Action item —
The lines below from the one with "Rita Ora dhe" up to and including the one with "Букет в круглой" are what you should set down, exactly and without pictures.

Material for the task —
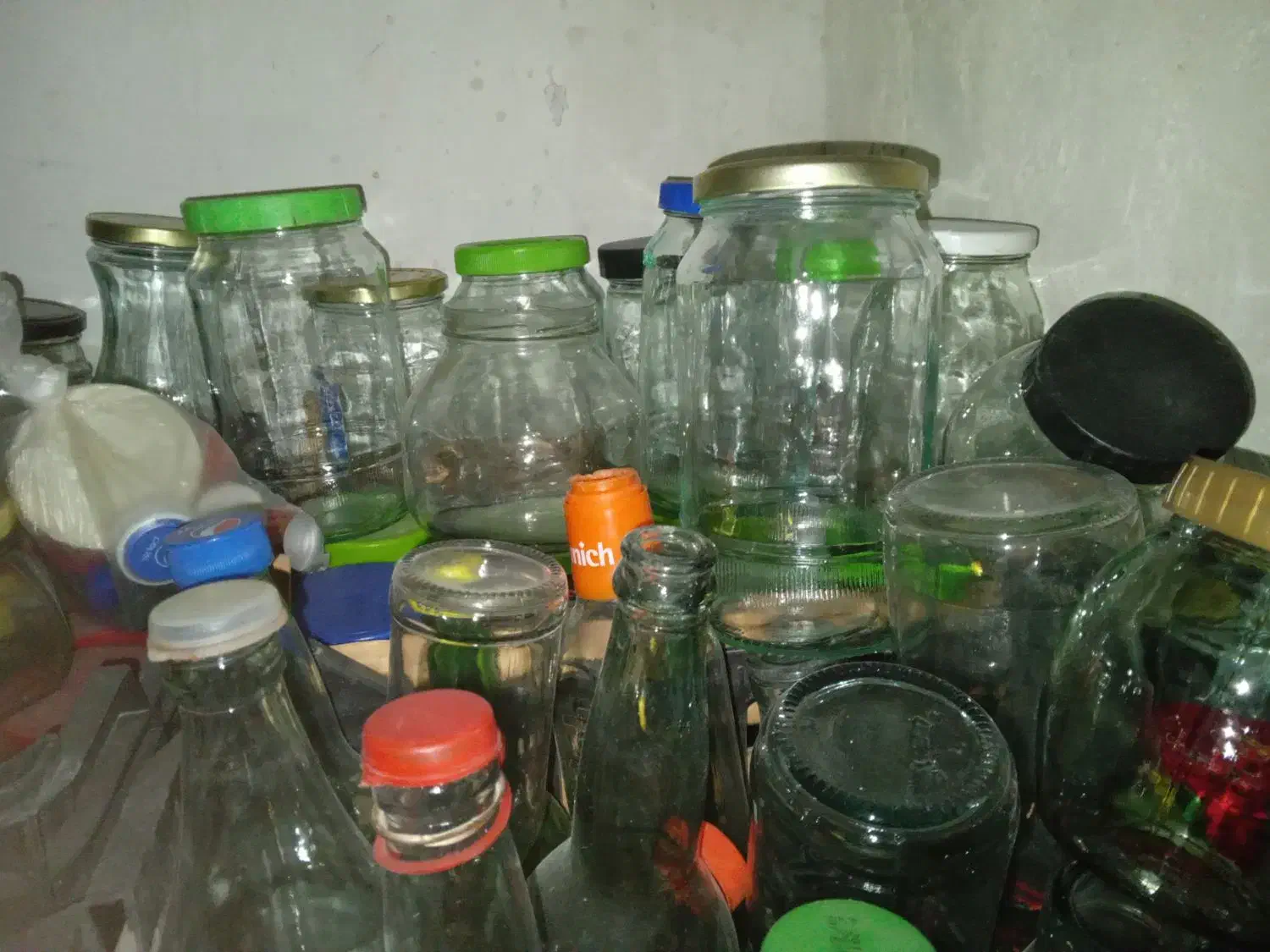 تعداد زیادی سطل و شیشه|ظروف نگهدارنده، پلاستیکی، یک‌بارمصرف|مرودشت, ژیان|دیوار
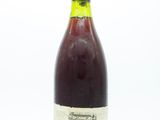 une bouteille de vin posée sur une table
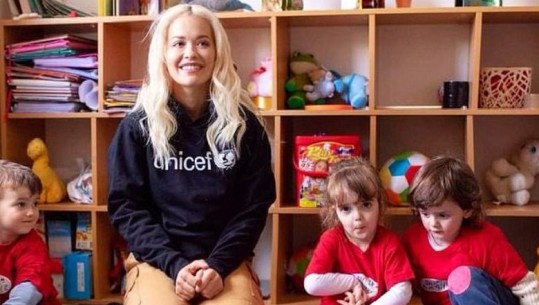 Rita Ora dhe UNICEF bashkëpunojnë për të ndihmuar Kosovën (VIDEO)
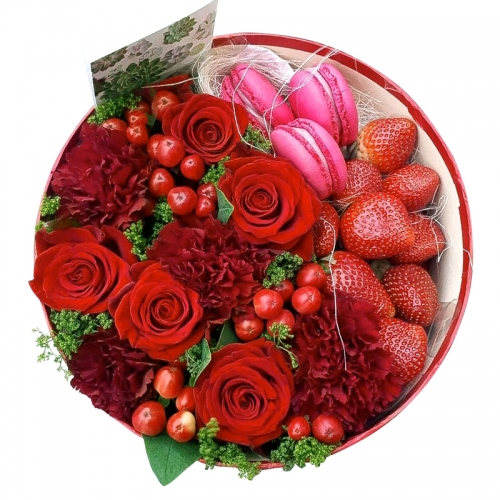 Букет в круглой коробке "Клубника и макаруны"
...
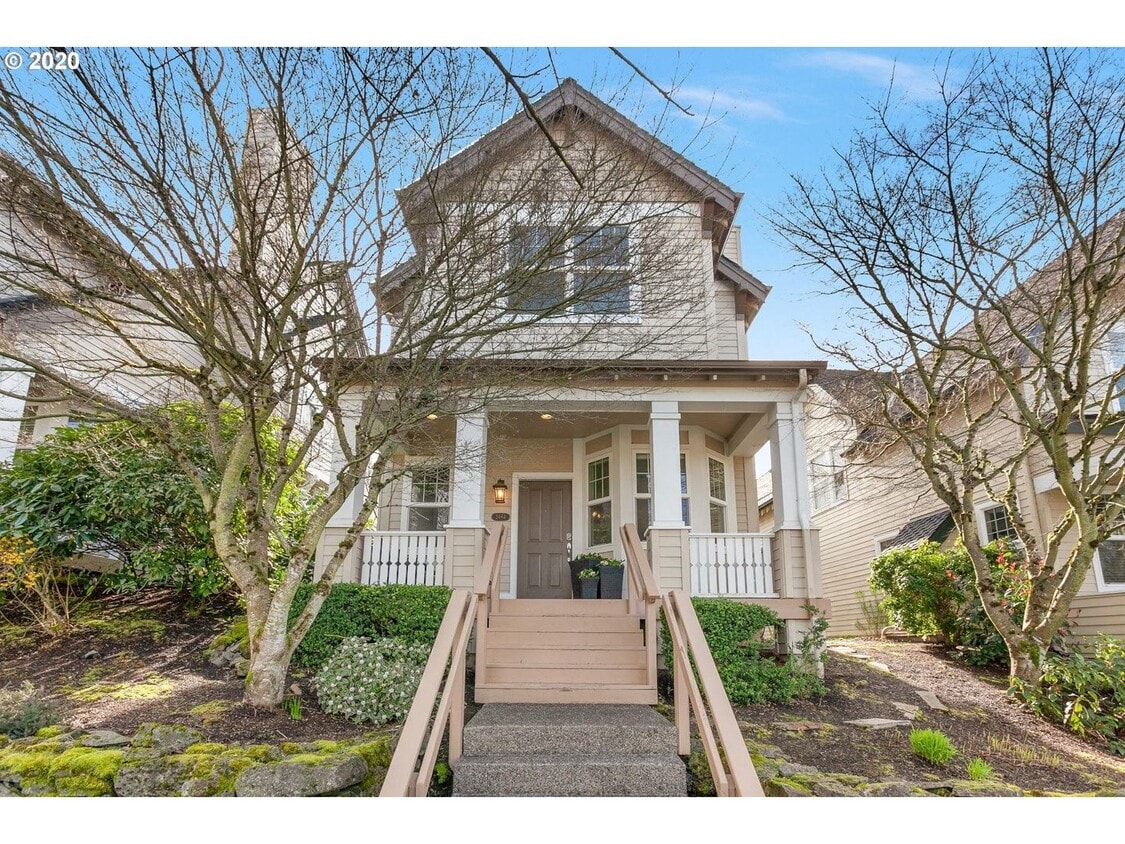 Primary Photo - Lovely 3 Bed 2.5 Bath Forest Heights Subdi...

Written reply —
 Rita Ora dhe UNICEF bashkëpunojnë për të ndihmuar Kosovën (VIDEO)
 Букет в круглой коробке "Клубника и макаруны"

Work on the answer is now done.